[Crawled caption data]
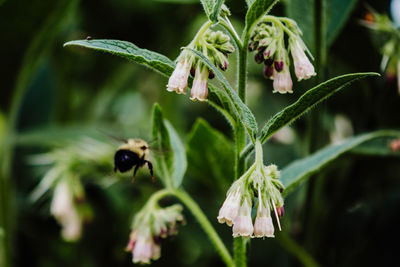 Close-up of bee pollinating on flower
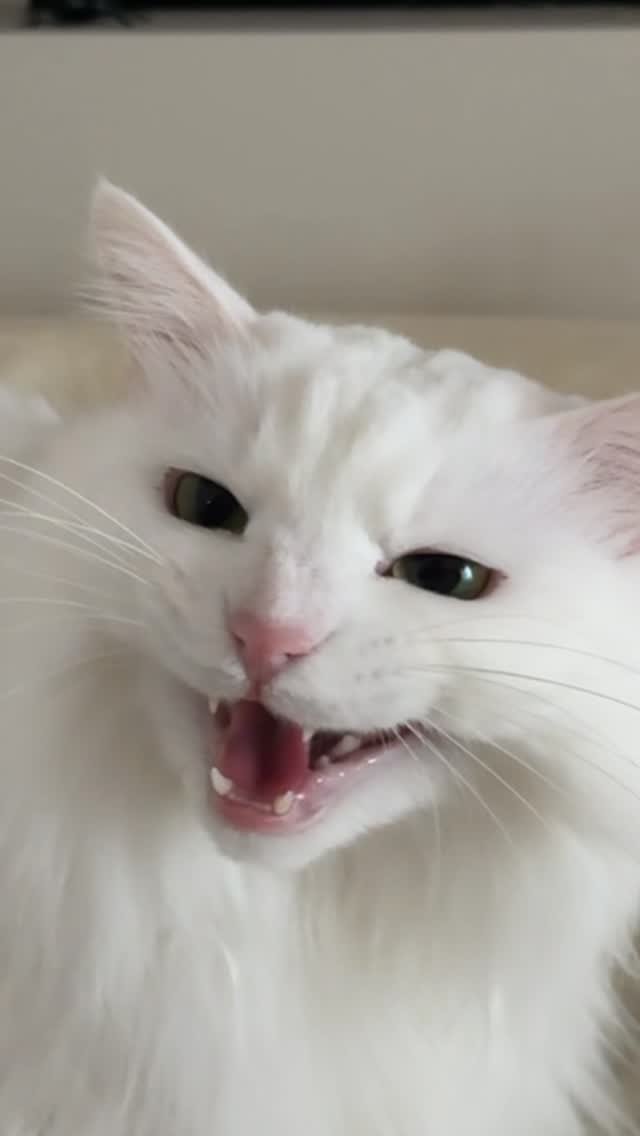 mongsom2 게시물 이미지: 아침마다 말도 많고 짜증도 많은 우리집 곤듀님😌 발 밑에서 자다가 발에 치여서 화가...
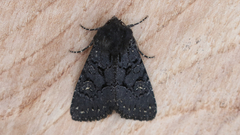 Apamea impulsa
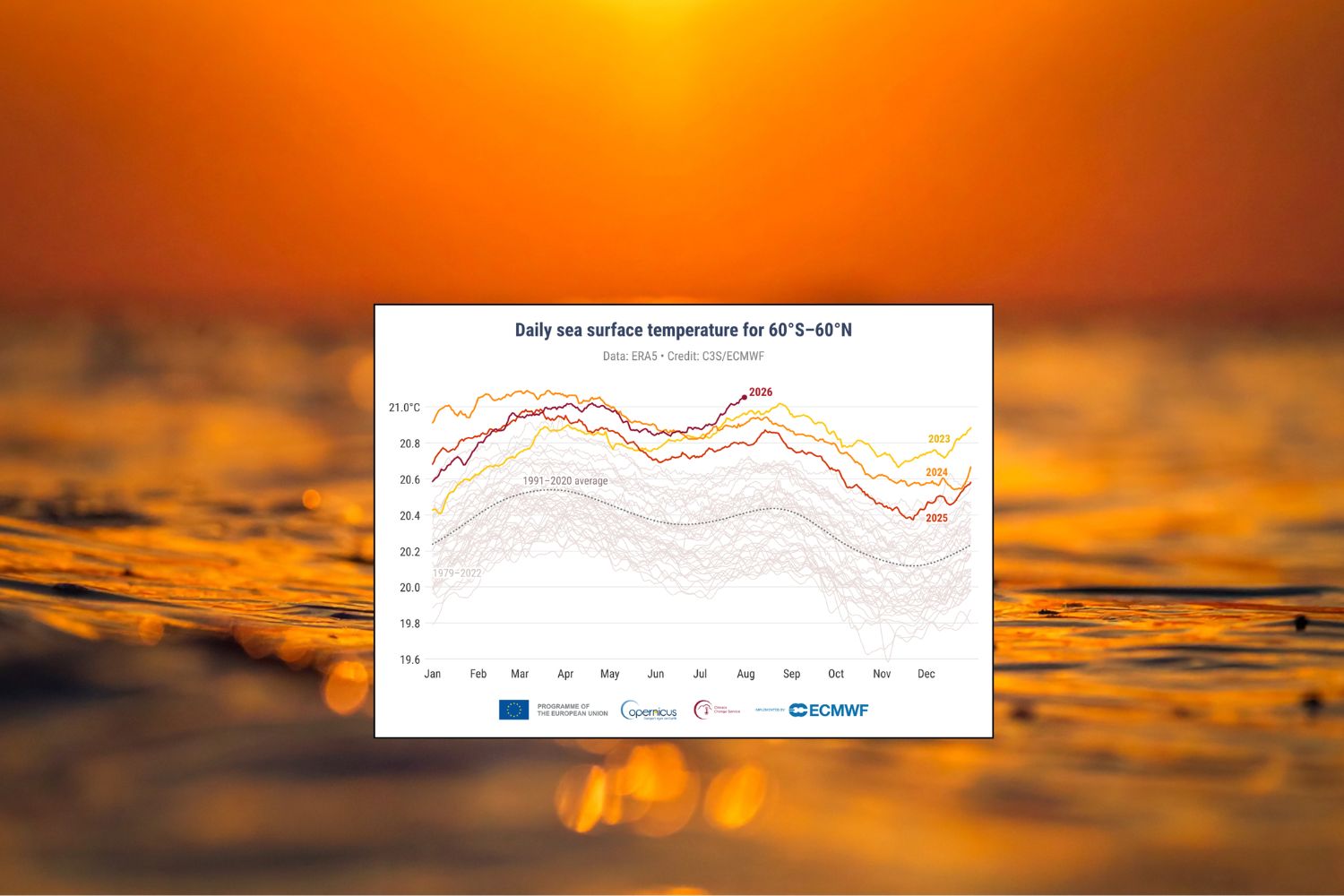 Les océans ont la fièvre : en juillet, la température des mers a atteint des niveaux records jamais vus.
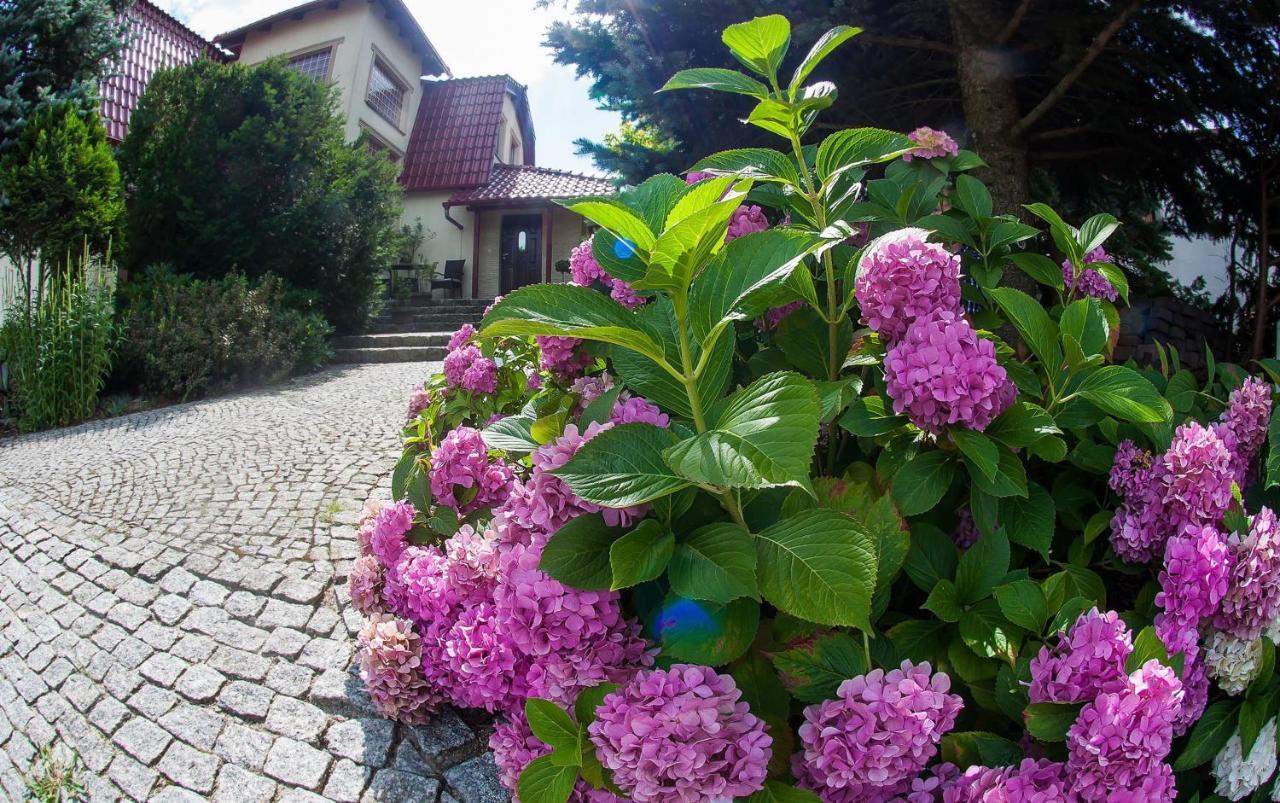 Villa Jasmin زيلونا غورا المظهر الخارجي الصورة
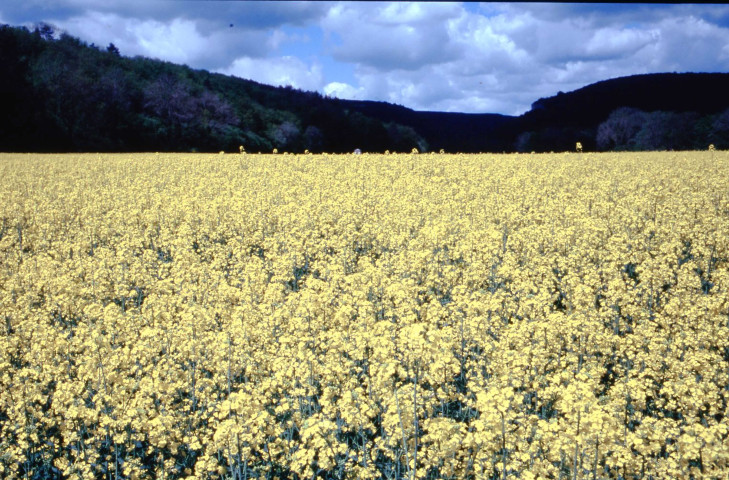 Panoramas (mai 1998, novembre 1999, juillet 2003).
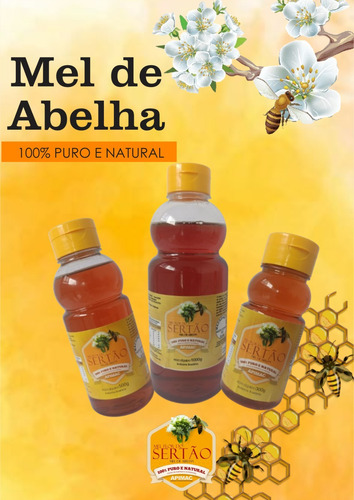 Mel De Abelha Puro E Natural Da Chapada Diamantina - Ba 1 Kg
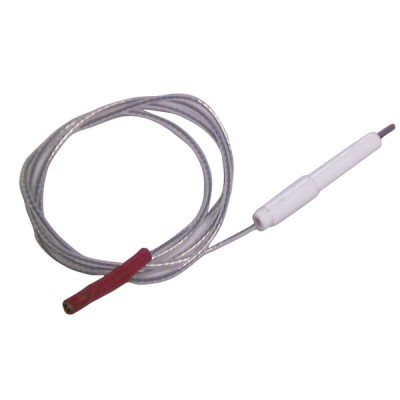Zündelektrode mit kabel  - AOSMITH: 0301088
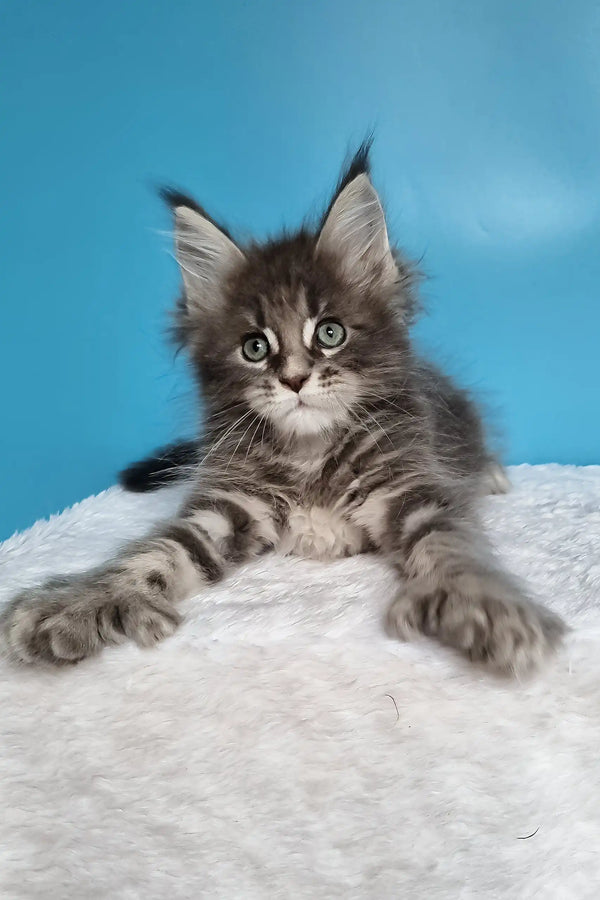 Jora | polydactyl maine coon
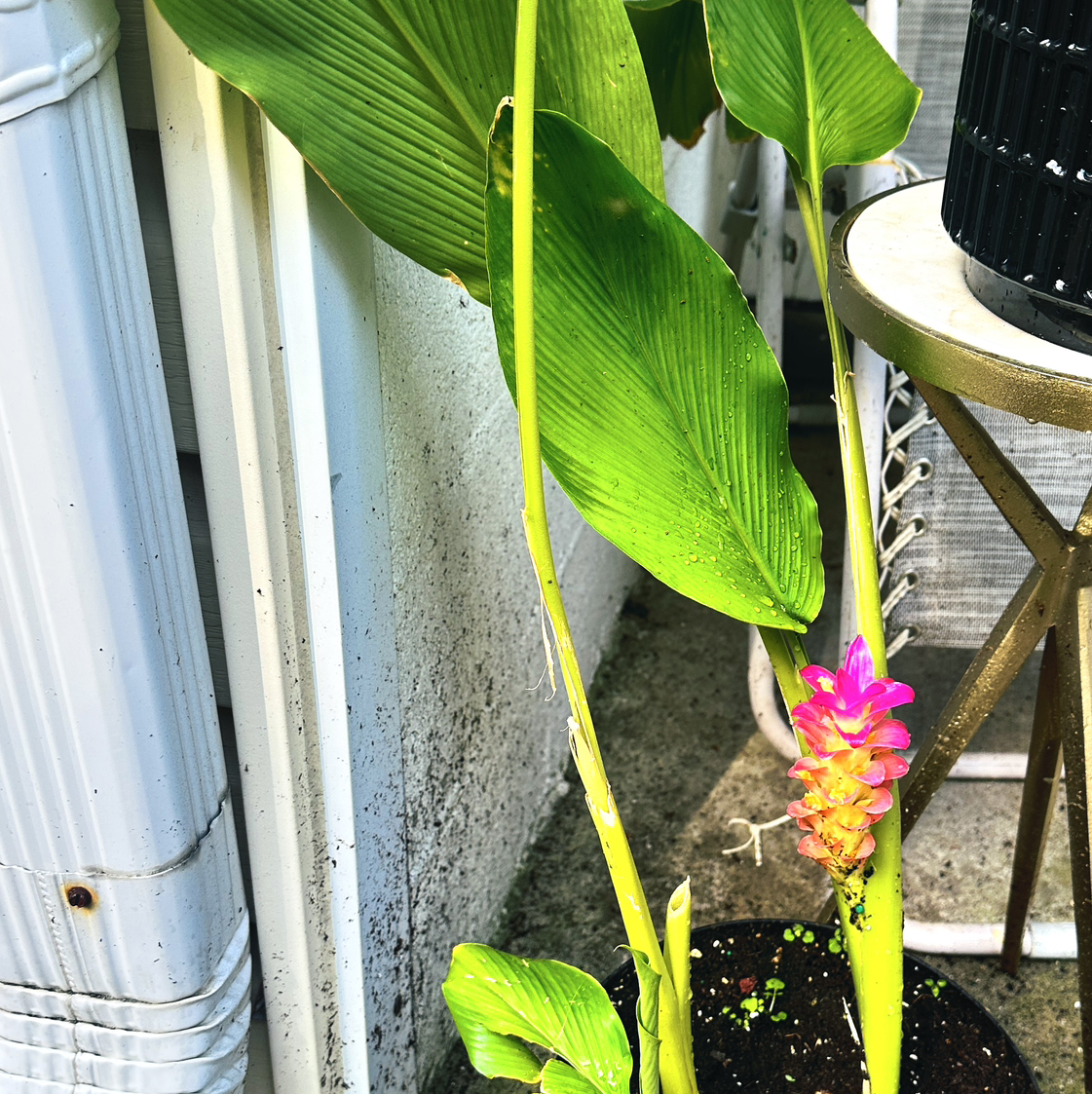 Photo of the plant species Red Ginger by @AshleyNutter named Curcuma Ginger Plant on Greg, the plant care app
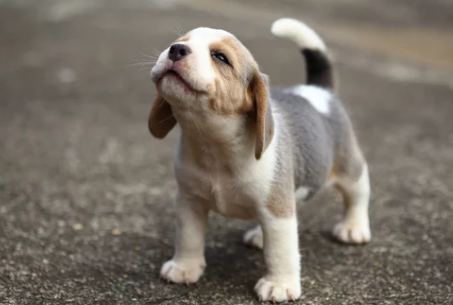 강아지사진/출처:어도비스톡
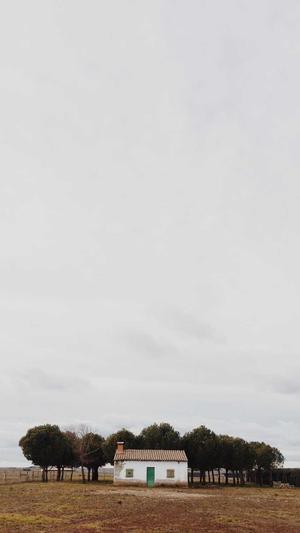 冒险岛枫之传说截图4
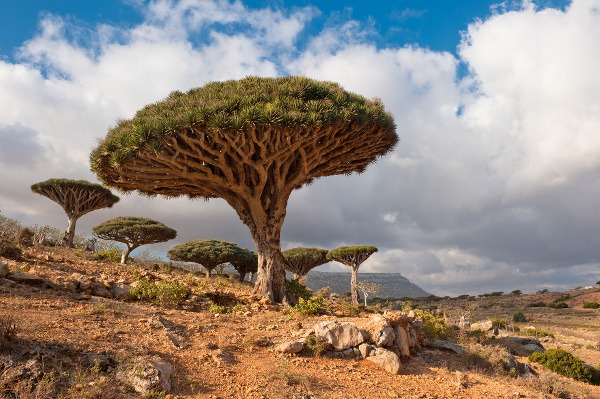 Ostrov Sokotra, Jemen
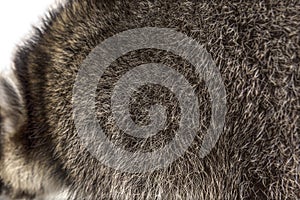 Close-up on a the hairy Raccoon, brown fur, beautiful natural texture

**Assignment**
Return nothing except the lines from the one containing "강아지사진/출처:어도비스톡" through the final line of the data, copied exactly. Leave out all pictures.

**Response below**
 강아지사진/출처:어도비스톡
 冒险岛枫之传说截图4
 Ostrov Sokotra, Jemen
 Close-up on a the hairy Raccoon, brown fur, beautiful natural texture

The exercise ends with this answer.